Proceedings of Name Collisions Workshop Available

Burt Kaliski | Mar 26, 2014

Presentations, papers and video recordings from the name collisions workshop held earlier this month in London are now available at the workshop web site, namecollisions.net.

The goal for the workshop, described in my “colloquium on collisions” post, was that researchers and practitioners would “speak together” to keep name spaces from “striking together.”  The program committee put together an excellent set of talks toward this purpose, providing a strong, objective technical foundation for dialogue.  I’m grateful to the committee, speakers, attendees and organizers for their contributions to a successful two-day event, which I am hopeful will have benefit toward the security and stability of Internet naming for many days to come.

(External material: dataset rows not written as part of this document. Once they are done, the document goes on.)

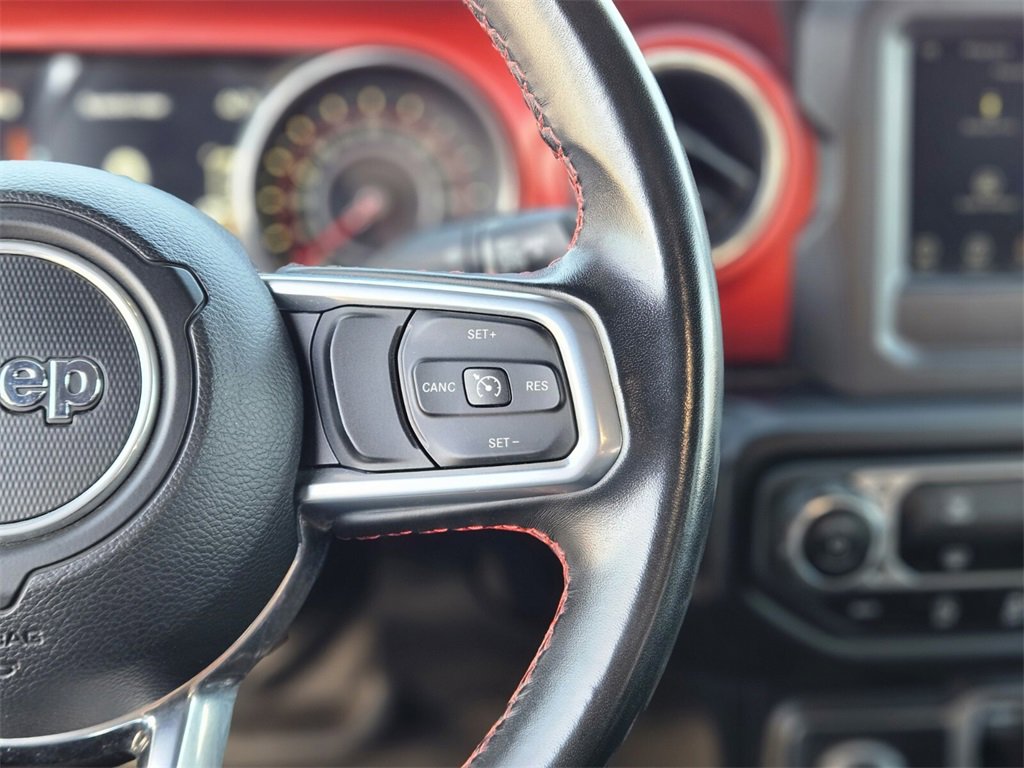 Used 2021 Jeep Wrangler Unlimited Rubicon image 24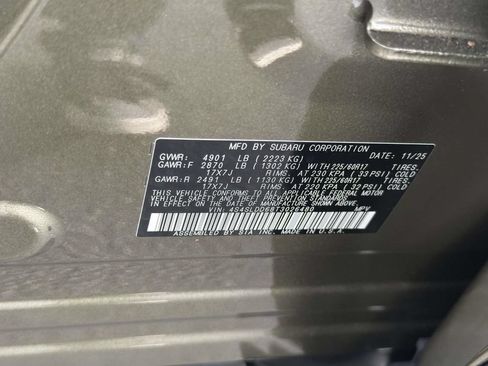 Used 2026 Subaru Forester Premium AWD/4WD image 25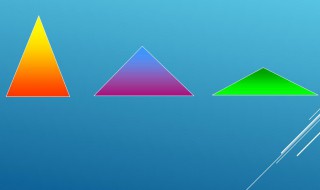 等腰三角形是什么图形（等腰三角形是平面图形吗）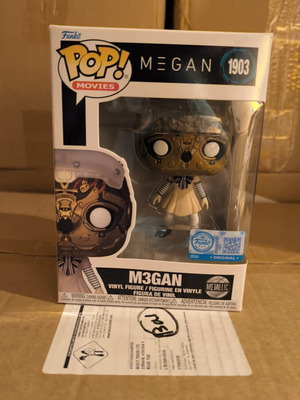Funko Pop! Megan M3gan #1903 καινούργιο βινύλιο φιγούρα
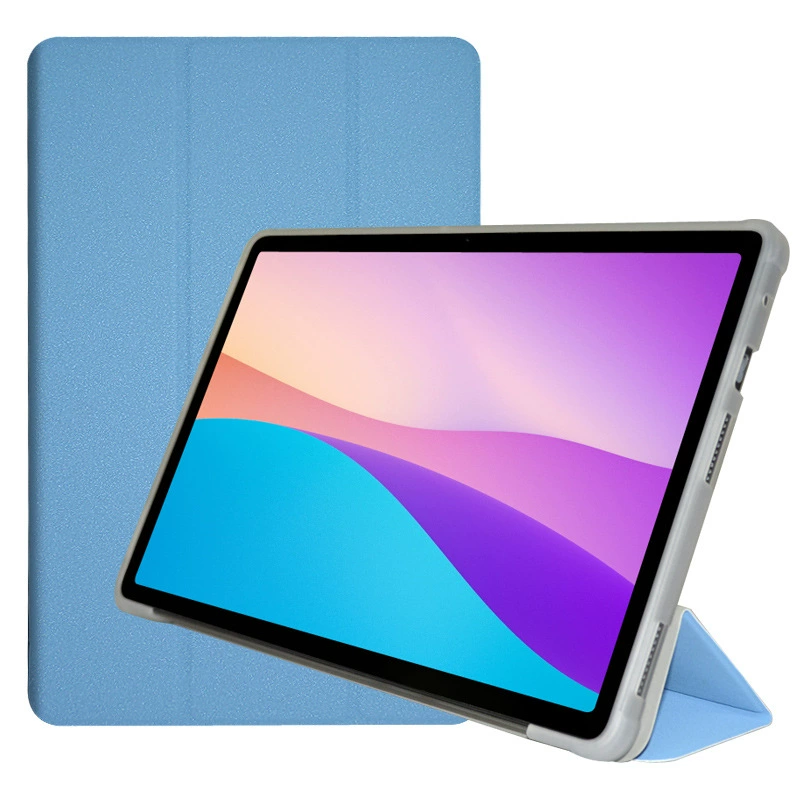 Чехол для планшета (Coubi Cube) IPLAY60 / IPLAY60PRO / IPLAY70 PRO, ультратонкая звёздная клетка, тройной складной подставка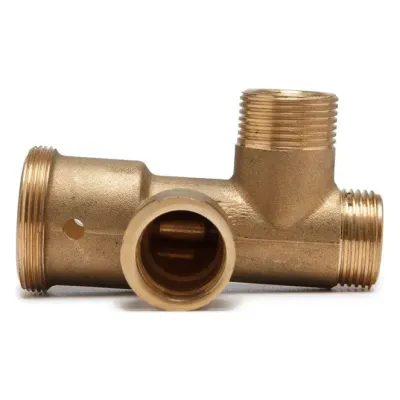 3 Yollu Vana Gövdesi Pirinç 0193013 - Vaillant turboMAX VUW Uyumlu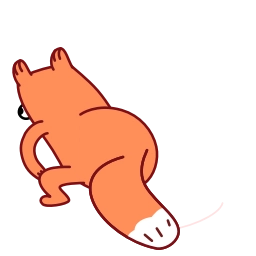 Sticker 🤩 Это Лис @TgEmojis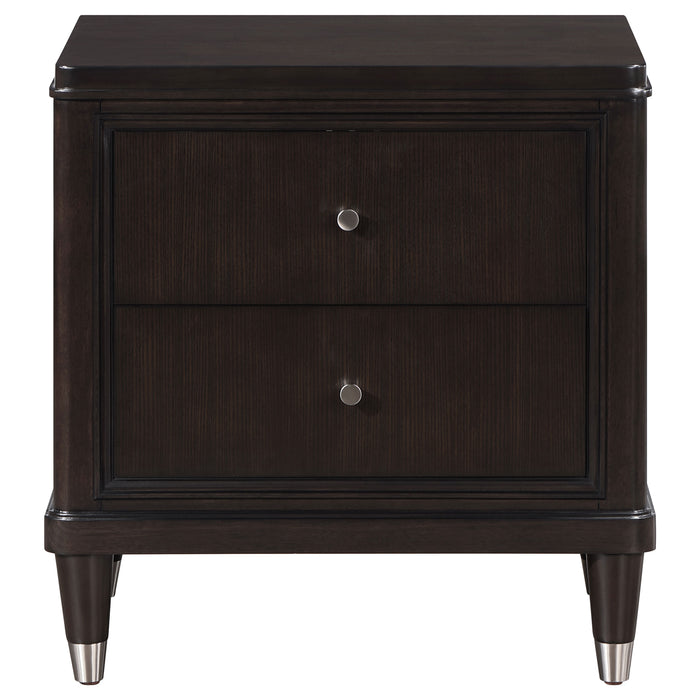 Emberlyn 2-drawer Nightstand Brown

Keynote speaker, and noted security industry commentator, Bruce Schneier (Co3 Systems ) set the tone for the two days with a discussion on how humans name things and the shortcomings of computers in doing the same.  Names require context, he observed, and “computers are really bad at this” because “everything defaults to global.”  Referring to the potential that new gTLDs could conflict with internal names in installed systems, he commented, “It would be great if we could go back 20 years and say ‘Don’t do that’,” but concluded that policymakers have to work with DNS the way it is today.  

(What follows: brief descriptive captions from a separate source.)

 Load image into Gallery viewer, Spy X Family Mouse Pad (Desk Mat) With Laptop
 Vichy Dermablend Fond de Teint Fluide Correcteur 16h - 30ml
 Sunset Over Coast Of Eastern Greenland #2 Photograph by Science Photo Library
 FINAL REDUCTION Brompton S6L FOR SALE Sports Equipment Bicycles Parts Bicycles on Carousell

Bruce said he remains optimistic about long-term prospects as name collisions and other naming challenges are resolved:  “I truly expect computers to adapt to us as humans,” to provide the same kind of trustworthy interactions that humans have developed in their communications with one another.

After the keynote, Matt Thomas (Verisign) and Andrew Simpson (Verisign) shared their research on DNS query analysis techniques, which was well placed as a technical introduction to the day’s topics.  In the Q&A that followed, Olaf Kolkman (NLnet Labs) noted that “throughout this whole conference” researchers are looking for the “underlying theory” of name collisions, building on work such as Matt and Andy’s.  

Colin Strutt (Interisle)  followed with a review of query traffic to corp.com, which receives around 1,400 queries per minute, half of the form <3ld>.corp.com, and many with the higher-risk “underscore” patterns reported at root server traffic, thus providing a basis for studying these kinds of queries and the systems that generate them.  Some of the queries to corp.com originate from installed systems that employ “.CORP” as an internal name (through the addition of “.com” by search-list processing during DNS resolution).  Paul Mockpetris (inventor of the DNS, whom we were privileged to have as a guest at the workshop) shared a memorable criticism of the long-ago practice that led to this potential for confusion:

Use of domain names like .corp "bad idea at the time"; people who recommended it "guilty of malpractice" -- Paul Mockapetris #namecollision

— Burt Kaliski Jr. (@modulomathy) March 9, 2014

Joe Abley (Dyn) then presented on behalf of Jim Reid (RTFM LLP), offering a preliminary review of query traffic to the root that mistakenly treats the root as a recursive name server, concluding that misconfigurations and rogue applications probably explain most of the so-called “RD=1” behavior and that it’s “not a major issue” but more testing should be done.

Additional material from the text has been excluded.